→ **What the task requires**:
Should the listing contain images, exclude them; give the rest again exactly.

→ **Provided data**:
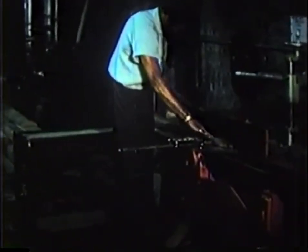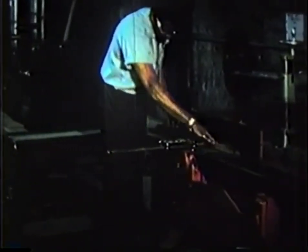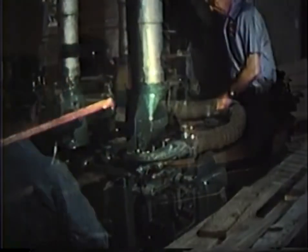The bar blanks are made straight on two sides on a joiner, and then run through a molder with contoured carbide cutters to produce a rosewood blank with the finished bar shape.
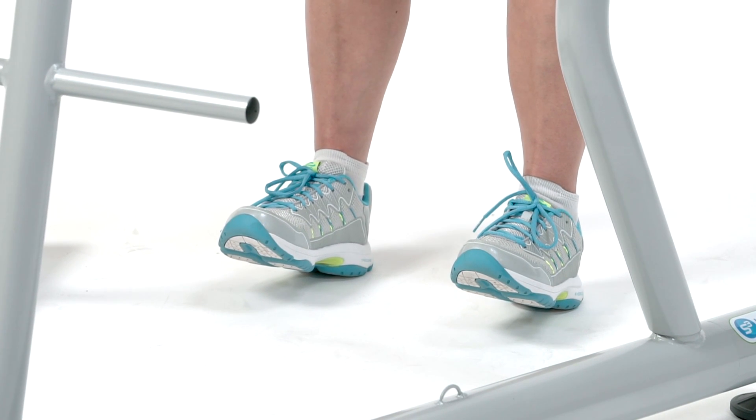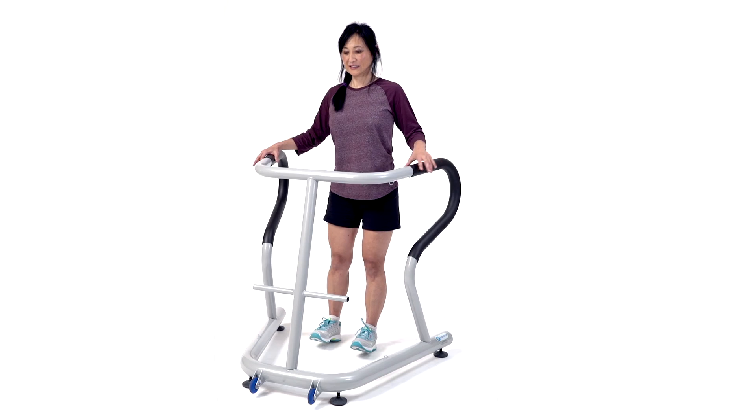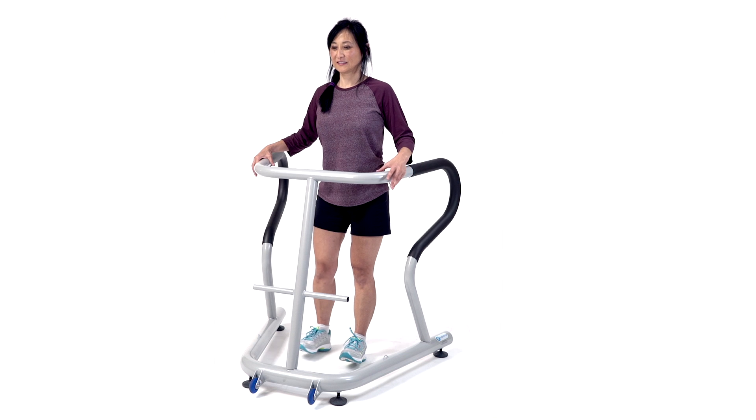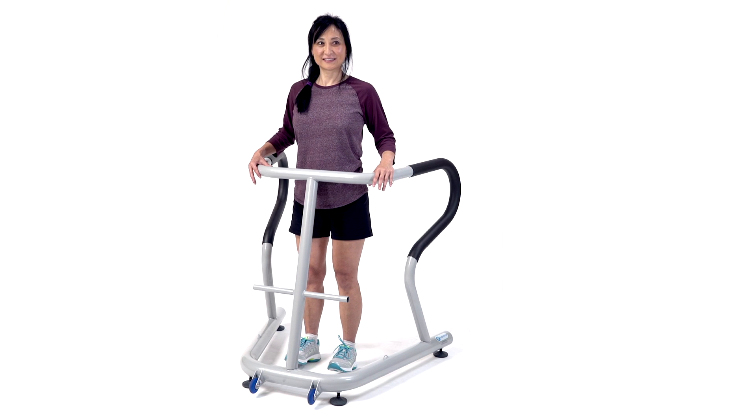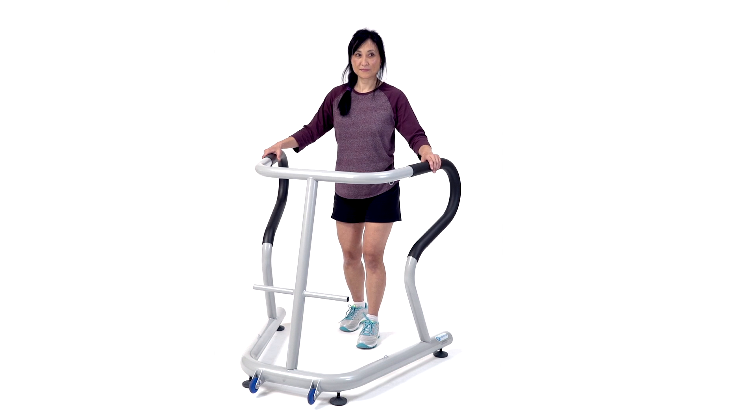Then slowly walk forward to the front of the device. Great. And then just walk normally back. And repeat as needed. Good job.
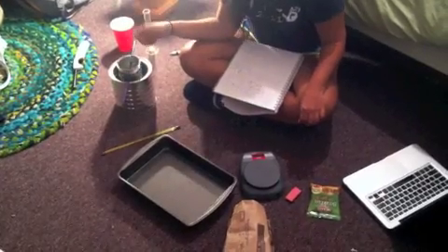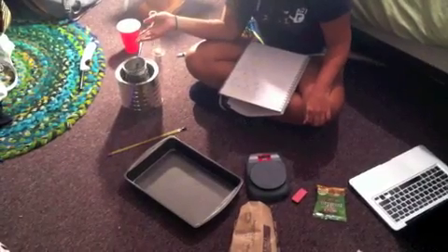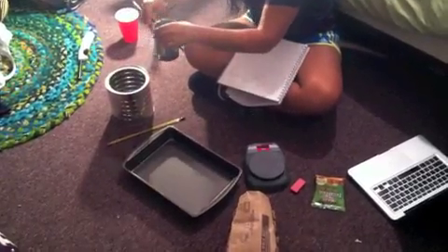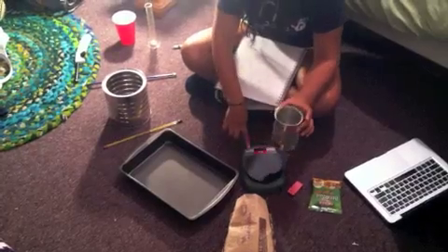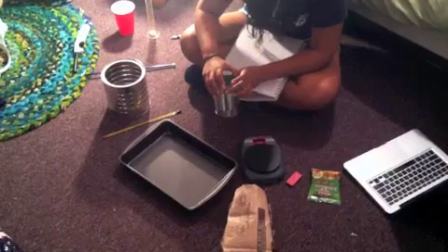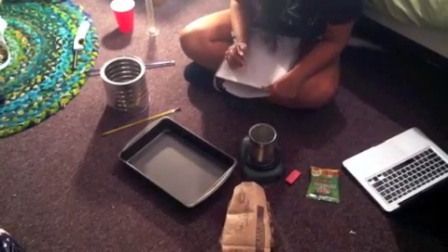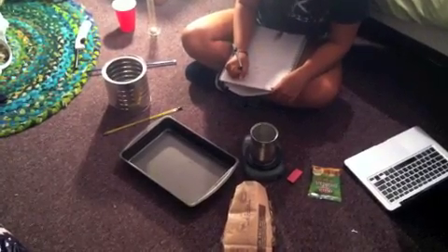We're going to measure the water's temperature before and after the item is burned. To start, I'm going to take the small can, turn on the scale, and measure it. It reads 67 grams — we're measuring in grams.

→ **Output**:
The bar blanks are made straight on two sides on a joiner, and then run through a molder with contoured carbide cutters to produce a rosewood blank with the finished bar shape.
Then slowly walk forward to the front of the device. Great. And then just walk normally back. And repeat as needed. Good job.
We're going to measure the water's temperature before and after the item is burned. To start, I'm going to take the small can, turn on the scale, and measure it. It reads 67 grams — we're measuring in grams.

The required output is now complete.